В 1780—1790-х годах «Санкт-Петербургские ведомости» изобиловали объявлениями о таких продажах: «Против Владимирской церкви, в доме г. Купреяновой, на особом маленьком дворике, продаются две девки 16 и 19 лет, кои умеют шить, мыть, гладить белье и готовить кушанье…» (1791. № 99); «Во 2 Адмиралтейской части, у Поцелуева мосту, напротив театру, в доме надворного советника Федора Вахтина, на маленьком дворике продаются доброго поведения люди…» (1791. № 82).
Со времен Петра I русский крестьянин шаг за шагом терял остатки свободы, опутываемый паутиной неясных и противоречивых законов, стиравших грань между крепостными людьми и кабальными холопами, добровольно продавшимися в рабство.

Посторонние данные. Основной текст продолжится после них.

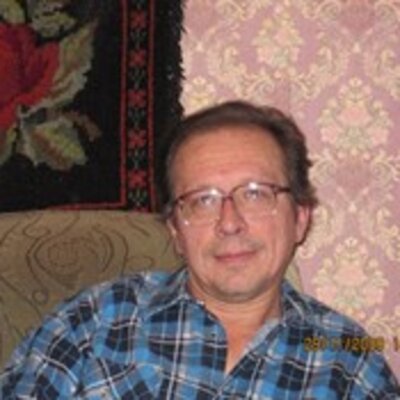 Миронов Владимир Станиславович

При Анне Иоанновне они лишились права покупать имения, поступать по своей воле на военную службу, освобождаясь таким образом от крепостной зависимости, заводить фабрики, вступать в откупа и подряды.
И наконец, при вступлении на трон императрицы Елизаветы крепостные освобождаются от присяги на верноподданство: отныне они лишь рабы своего господина, который отвечает за них перед верховной властью, лишенные собственности, инициативы, права выбора.
Однако пока господин сам обязан был государству сначала бессрочной, а затем двадцатипятилетней службой, в положении дворян и крестьян соблюдалось относительное равновесие в распределении тягот. Но вот 18 февраля 1762 года Петр III издал Манифест о вольности дворянства, избавлявший это сословие от обязательной службы. «Не могу изобразить, – рассказывает современник, – какое неописанное удовольствие произвела сия бумажка в сердцах всех дворян нашего любезного отечества; все почти вспрыгались от радости и, благодаря государю, благословляли ту минуту, в которую ему угодно было подписать сей указ». Совсем иные чувства должны были испытывать крепостные, коим еще целый век предстояло томиться в тяжкой неволе, под неусыпным барским оком.
Екатерине II, много сделавшей для укрепления государственного престижа России, принадлежит, к сожалению, и печальная слава поработительницы трех четвертей собственного населения; имея полную возможность упорядочить взаимоотношения помещиков и крестьян строгими рамками закона, она предпочла просто-напросто закрепить господство имущего класса в том виде, как оно сложилось к середине XVIII века, и даже расширить его. В результате крестьянство было низведено до положения рабочего скота, и это в правление государыни, провозгласившей в своем «Наказе» 1767 года положения о свободе и равенстве!